As the book progresses they find the woman’s killer and deliver a brutal beating to him. Joseph has more regret and has concerns about the way Cassandra has treated him. Cassandra shares memories with Joseph of how she met [portion deleted to protect author’s story idea], the twist that he too is a vampire, and was once [portion deleted to protect author’s story idea]. John Snow (Cassandra’s estranged vampire husband) has his own chapter where we learn some of his past and see the pleasure he takes in combat with other vampires. Cassandra, meanwhile, makes their training sessions more intense as she strongly suspects John will soon return but does not tell Joseph. Joseph and Cassandra, however, dream of John Snow as he approaches on the ferry to Newfoundland. Joseph is also given an offer to join with John in his dream but he only considers it for the briefest of moments. Joseph maintains his contact with his friends and Cassandra is brought along to meet them for a game of Dungeons and Dragons, despite the impending danger.
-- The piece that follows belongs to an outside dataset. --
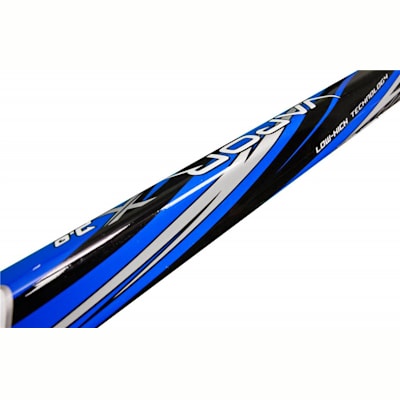Shaft View (Bauer Vapor 2.0 BLUE Composite Stick - Intermediate)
After a climactic battle, where Joseph uses a moose to turn the tide of battle, they defeat John and it is revealed that Cassandra had another creation before him and that they are being watched. Joseph and Cassandra have an argument where more truths are revealed; she gave him Ginger ten years ago and did once make another vampire to defeat John. Joseph is shocked by these revelations and tells Cassandra that he can deal with no more secrets. He is hurt and his trust is shaken but ultimately he has come to love Cassandra and he decides the vampire world is too dangerous for him alone. While Joseph is out for a walk to think he finds a stray cat in a parking lot. He is confronted by another vampire, the same who watched their fight, sent by a [portion deleted to protect author’s story idea]. The epilogue features Donald Rathmore, John Snow’s secret creation and his brutal killing of a girl in Mexico. Donald senses his creator’s death and decides he would like the challenge of fighting vampires for a change as the story ends.